The curve would also go down very rapidly, and within 60 minutes. Within one hour, the levels of THC could be below 10 nanograms, or even five nanograms.
This is all perfectly monitorable in a laboratory setting. It means that we have been able to link certain levels of impairment to certain levels of THC in blood, as well as in oral fluid. This works fine. All of the results that come from these studies will indicate two nanograms, for example, which is really the lower limit above which impairment levels become apparent.

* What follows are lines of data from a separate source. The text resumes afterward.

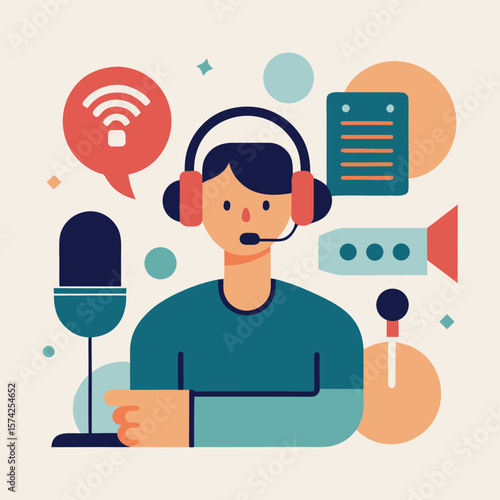 Radio Host or Podcaster with Broadcasting Equipment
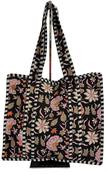 Quilted Cotton Tote Bag - Floral Noir
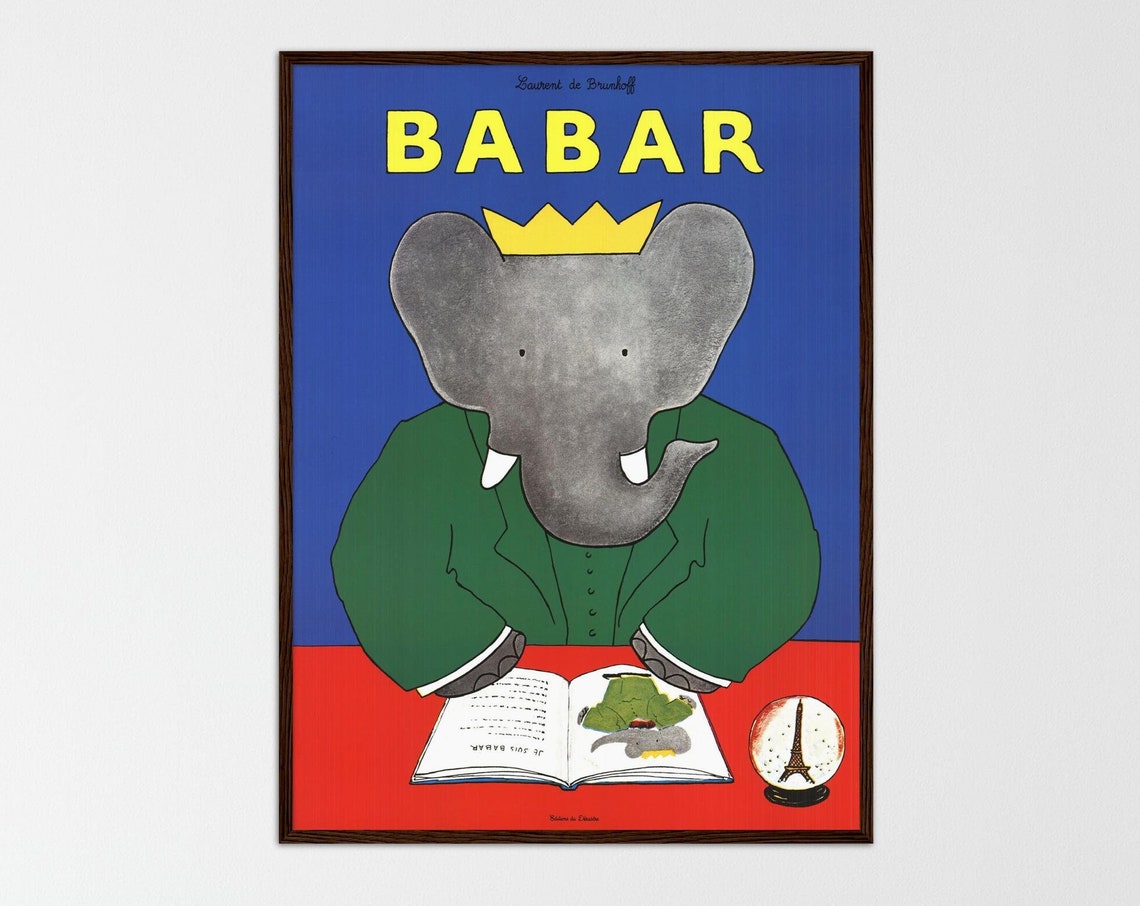 Babar Elephant - Minimalist Travel Poster
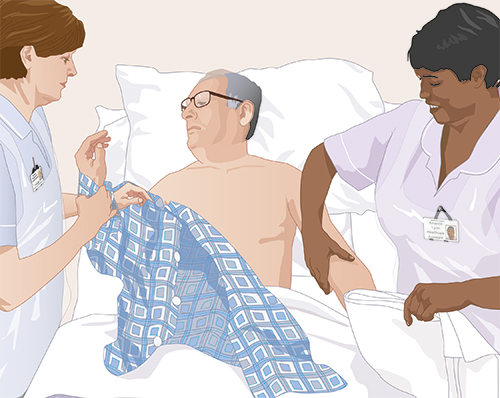 illustration of giving a resident a bed bath in a care home setting on clinicalskills.net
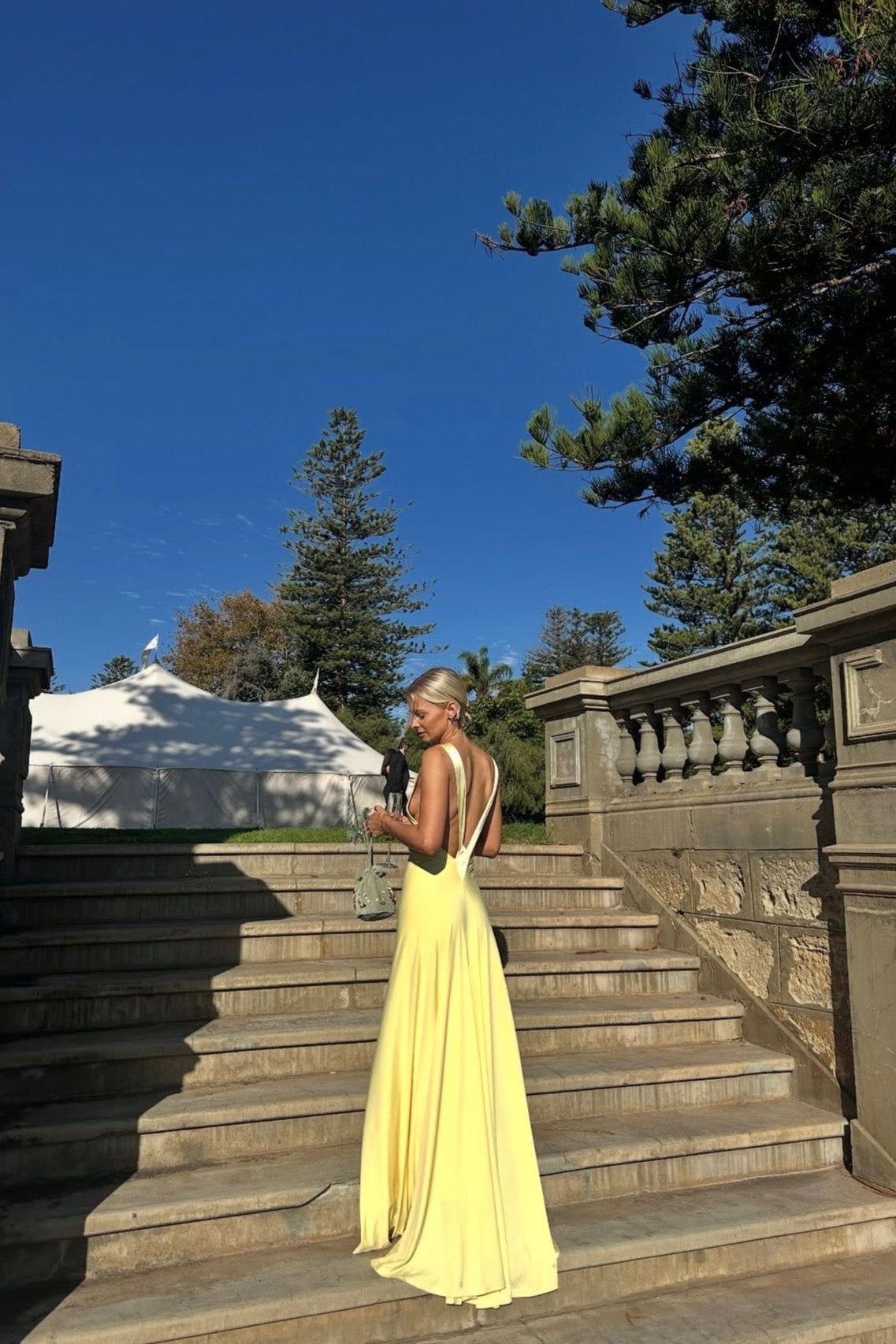 Ance Gria Rosa Gown Lemon designer gown cocktail party formal wear hire Australia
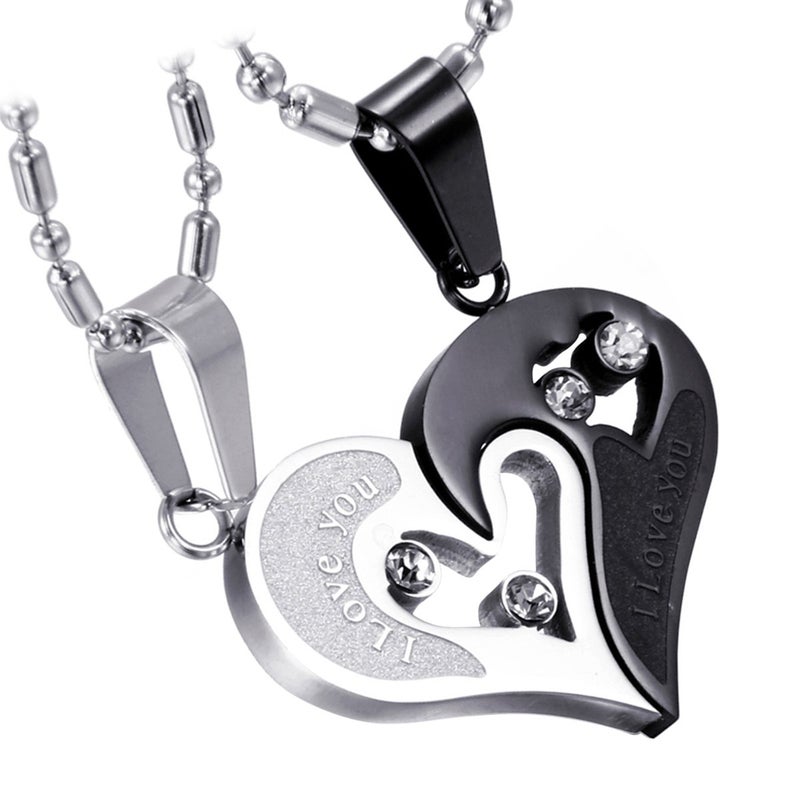Cupimatch 2-Piece Stainless Steel Couple Necklace Rhinestone I Love You Heart Puzzle Matching Pendant for Couples with Love Chain for Valentine's Day - Image 1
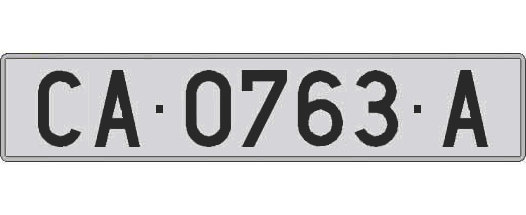 CA0763A matricula larga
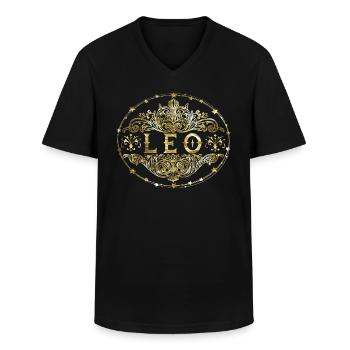 Lion - T-shirt col V Homme - noir - Devant - AI Model Male 178 dark (178cm)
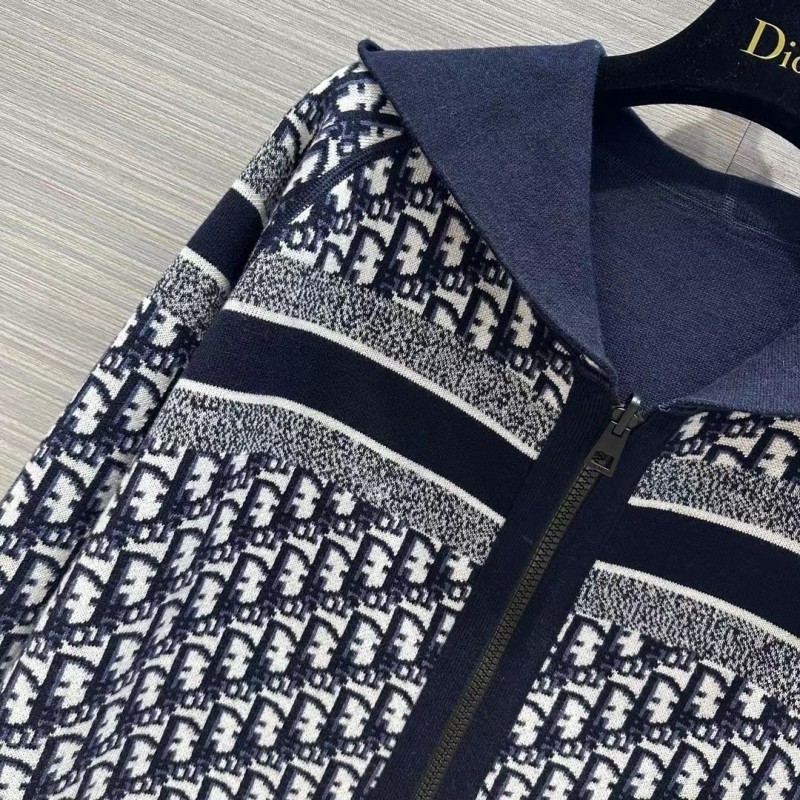 D*0r all-over jacquard reversible wool zip-up hoodie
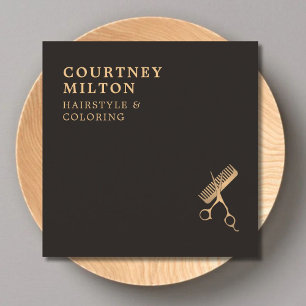 Moderne, elegante dunkle Imitate Goldschere Comb Quadratische Visitenkarte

If we want to transfer this knowledge to real life and practice, the levels that people like me are measuring in the laboratory are not necessarily identical to the levels that a policeman, for example, would observe, or a forensic laboratory when analyzing the blood samples. The main reason is that the blood samples after an actual crash are usually taken two hours, three hours, or even four hours after the accident occurred.
This is the big dilemma that we are facing right now. The levels that we measure are representative of the THC concentration at the time that the blood sample was taken, but not necessarily at the time of the actual crash. This is a bridge that we need to cross somehow. It is important to keep in mind that with the majority of people who will be involved in a crash for which a blood sample will be taken two hours, three hours, or even later, after the crash, the majority of these samples will show very low THC limits. They may be well below one nanogram, or below two nanograms. That does not necessarily mean that all of these drivers were negative or under the THC threshold at the time of the crash.